Stop Acting So Innocent

 In strange, lovely ways, you have come to realize how, across a wide chasm of years, you've used writing short stories as a means of procrastination.  These ways were born upon you during the past few weeks, as reviews on your recent publication of a collection of your stories began to appear.  

The connection finally came when, about a week ago, you had occasion to write the following exchange of dialogue in a short story.

"Stop acting so high and mighty."

"I'm not acting.  I am high and mighty."

When  the time comes for self-editing, you're most likely to remove that last sentence on the grounds of it being unnecessary; the intent and meaning were resident in the more direct response, "I'm not acting."

Although you like the exchange and the story, the dialogue threw you out of the story because much as you want to get this story into the completed draft state, you also want to get an entire draft on the book you're writing, which, in a direct way, is about acting.  You were procrastinating the latter by doing the former, a gambit that allows you to say that you were working and, thus, how could that be procrastination.  The answer is to get up an hour earlier or stay up an hour later, working on the story, but keeping the book on acting as top priority.

Yes, you recognize how funny you are.

Even though this exchange of dialogue, in shortened form, is a keeper, things in stories are not supposed to kick you out of them, rather the exact opposite.  Things are supposed to keep you concentrated on the persons and events of the story.  This brief exchange had the effect of prankster friends attaching a chain of tin cans to the rear bumper of the honeymoon getaway car.

First and foremost, if an actor--in this case one of your characters--is acting, that's a red flag.  The character shouldn't be acting unless the story calls for the character to be seen, assuming a role.

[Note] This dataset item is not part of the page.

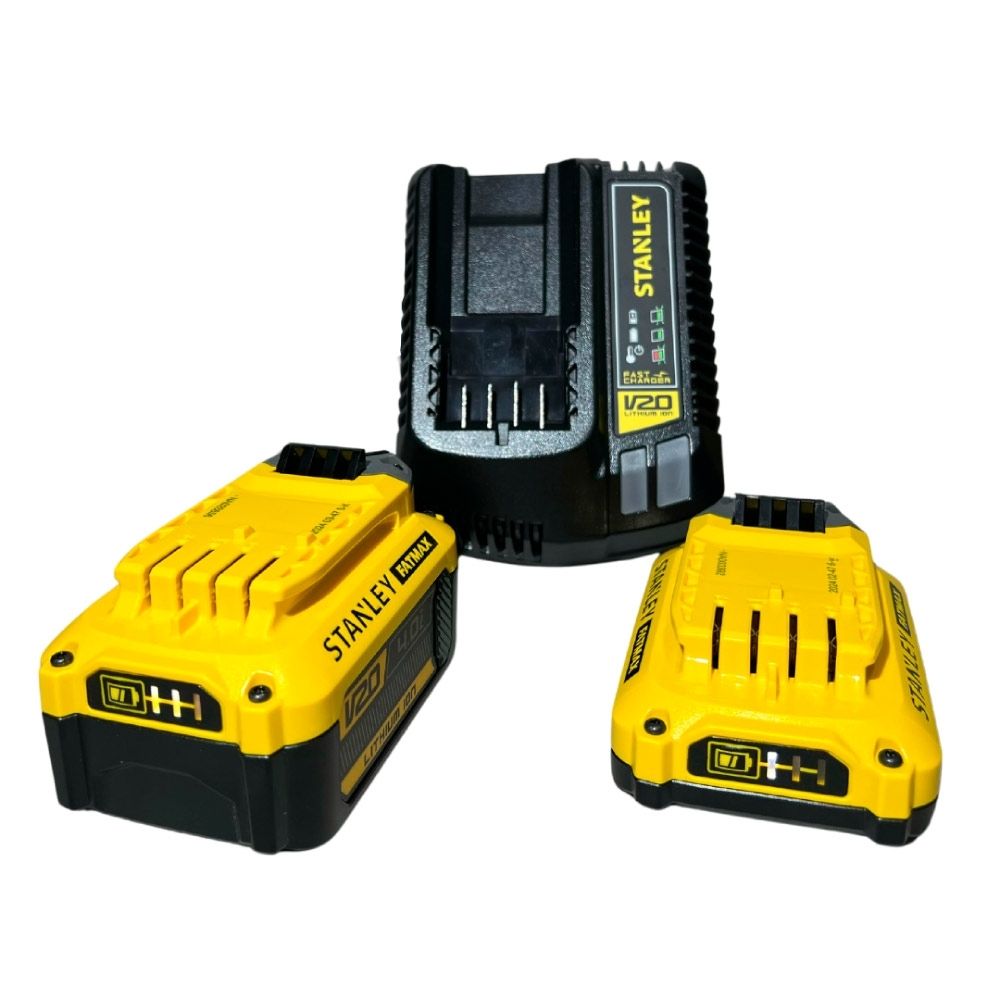 Kit 1 Bateria 20V 4Ah + 1 Bateria 2Ah SCB224CK-BR Stanley Carregador e Bolsa Kit 1 Bateria 20V 4Ah + 1 Bateria 2Ah SCB224CK-BR Stanley Carregador e Bolsa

For that matter, an actor in a production should not be seen acting; she should come through as focused, entirely in character.  In an entire sense, characters do not act, they are.

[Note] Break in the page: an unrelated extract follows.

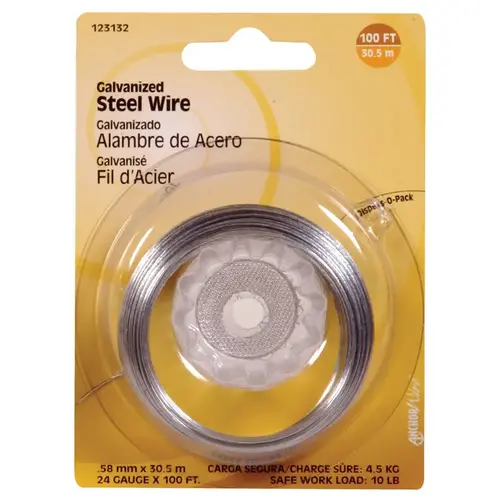 Hillman 51639-XCP10 Wire 100 ft. L Galvanized Steel 24 Ga. Galvanized - pack of 10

Second, you recall back, back in the day when, tiring of the journalism and graphic arts aspects of your focus at Los Angeles City College, you transferred to UCLA to get serious about your studies and to find ways that would encourage your writing times.  The "ways" emerged during your first semester at UCLA.  The "ways" were final examinations, for which you scarcely studied, instead producing a thick sheaf of materials you considered at the time to be short fiction.

Those pages were short fiction, perhaps a novella.  But there you were, procrastinating by not studying what you ought (and for which you are doubtless still making up to this day in terms of things you're reading now you didn't read then.  

Proof.  You were interested in Transcendentalism and Nineteenth Century American then.  How could you not have read all the Hawthorne assigned you, in particular The Blythedale Romance, with its focus on life inside and outside communes?  Should have, but didn't.  Instead wrote a novella about characters on a scavenger hunt, which in its way was a metaphor for attitudes toward material possessions.

True enough; in subsequent years you wrote short fiction as number one priorities, especially since you didn't yet think you were ready to embark on a novel.  Of equal truth, you can think of few more intense ways for triggering the emergence of a short story than to have a deadline for some other project.

Let's get back to that neglected theme, the one of characters and actors acting.  This return of focus brings you face to face with your belief that an actor in theory acts because she or he is busy translating a series of physical and verbal responses to a simulacrum of interpretive behavior surrounding the ways a fictional being behaves.  You accomplish this by transcending the technique and by becoming the character as opposed to the trained, alert individual portraying someone else.  You are that other.

Another possible explanation is that you have still to train yourself with as much effectiveness as you'd wish in the matter of staying on the bucking bronco of a horse of bull for some respectable period of time before being bucked off.

Being told to "Act your age." is another trope that reminds you what's at stake here.  That exhortation means in effect Be the most serious, conservative, gravitas-laden old coot of which you are able to achieve.  It means, Here, take these acting techniques, then apply them to yourself during working hours or family reunion hours, or times when you find hidden, procrastinating, rebellious selves, eager to step forth to take over a one-person show, where, to great effect, you become Stephen Colbert, interviewing Jon Stewart, both of whom are well known to be you.